A hydrogen fuel cell. Hydrogen enters the anode, is oxidised, and its electrons travel through the external circuit to the cathode, generating electricity. The hydrogen ions travel through the electrolyte to react with oxygen, forming water.

2H₂ + O₂ → 2H₂O + electrical energy

Fuel Cell Half-Equations Higher Tier

At the anode (negative electrode):

2H₂(g) → 4H⁺(aq) + 4e⁻

Hydrogen is oxidised - it loses electrons.

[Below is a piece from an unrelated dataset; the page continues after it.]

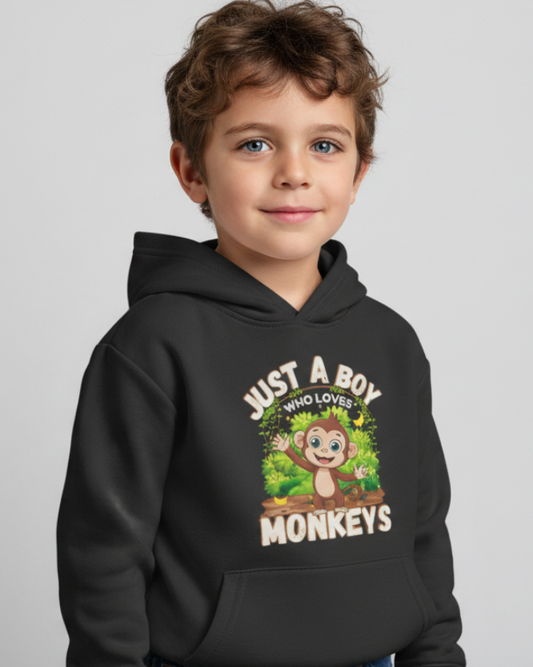 Boy wearing black kids hoodie with Just a Boy Who Loves Monkeys cartoon monkey graphic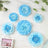 Blue flower wall decor set in various sizes on a light background.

At the cathode (positive electrode):

O₂(g) + 4H⁺(aq) + 4e⁻ → 2H₂O(l)

Oxygen is reduced - it gains electrons.

In a hydrogen fuel cell, the overall reaction is simply 2H₂ + O₂ → 2H₂O. The cell converts chemical energy directly into electrical energy, which is more efficient than burning the hydrogen as a fuel.

Advantages

Only product is water - no CO₂ greenhouse gas emissions at point of use.
Do not need recharging - continuous supply of fuel.
More efficient than combustion engines at converting chemical energy to useful work.

Disadvantages

Hydrogen is difficult and expensive to store and transport (must be compressed or liquefied).
Hydrogen is most commonly produced from natural gas (fossil fuel) - so not truly zero-carbon unless produced by electrolysis using renewable electricity.
Platinum catalysts are expensive.
Hydrogen fuel infrastructure (refuelling stations) is limited.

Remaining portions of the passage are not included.